* [Your instructions]
Please transcribe the listing that follows exactly; images are to be excluded.

* [Recorded information]
=====

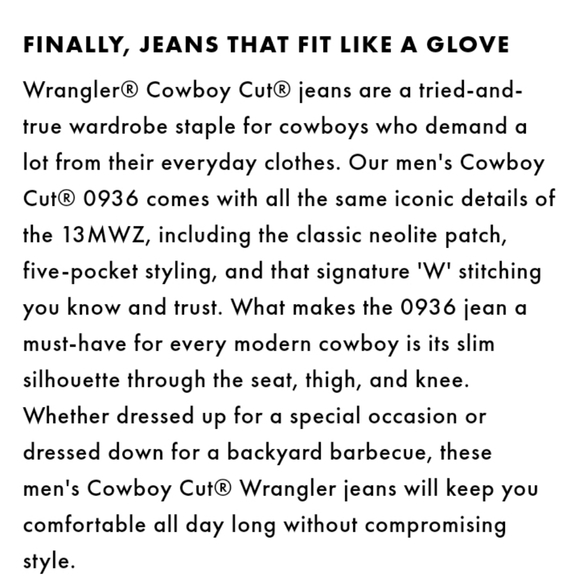 Wrangler Jeans - Picture 7 of 8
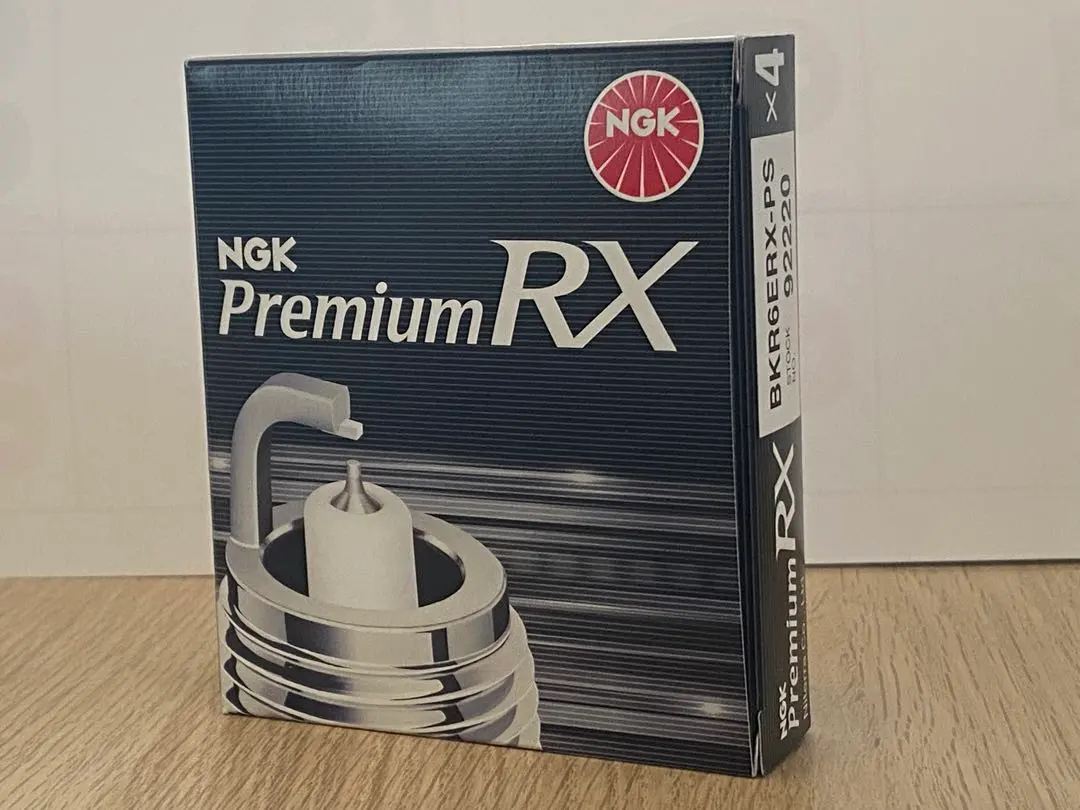 NGK Premium RX BKR6ERX-PS 火花塞 4個裝 的縮圖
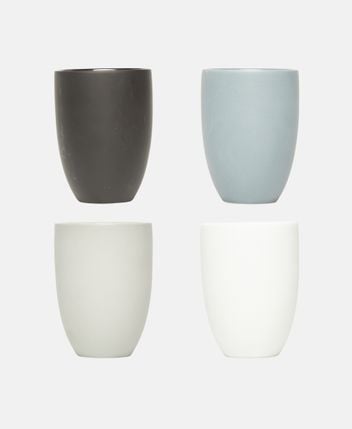 Cups, set of 4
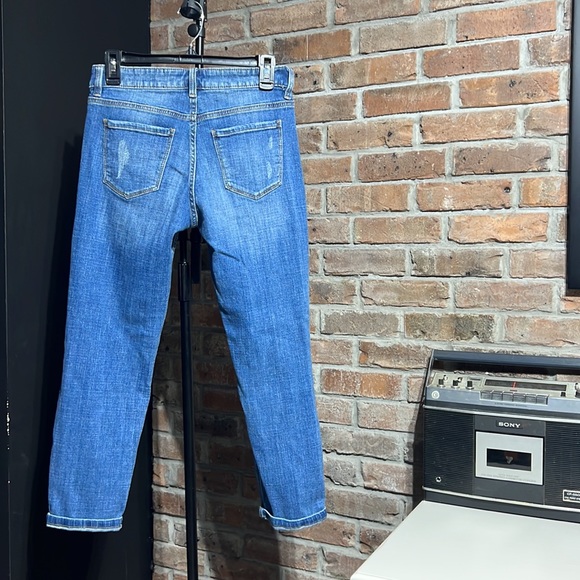 Cosmic blue love jeans - Picture 2 of 15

=====

* [Written solution]
 Wrangler Jeans - Picture 7 of 8
 NGK Premium RX BKR6ERX-PS 火花塞 4個裝 的縮圖
 Cups, set of 4
 Cosmic blue love jeans - Picture 2 of 15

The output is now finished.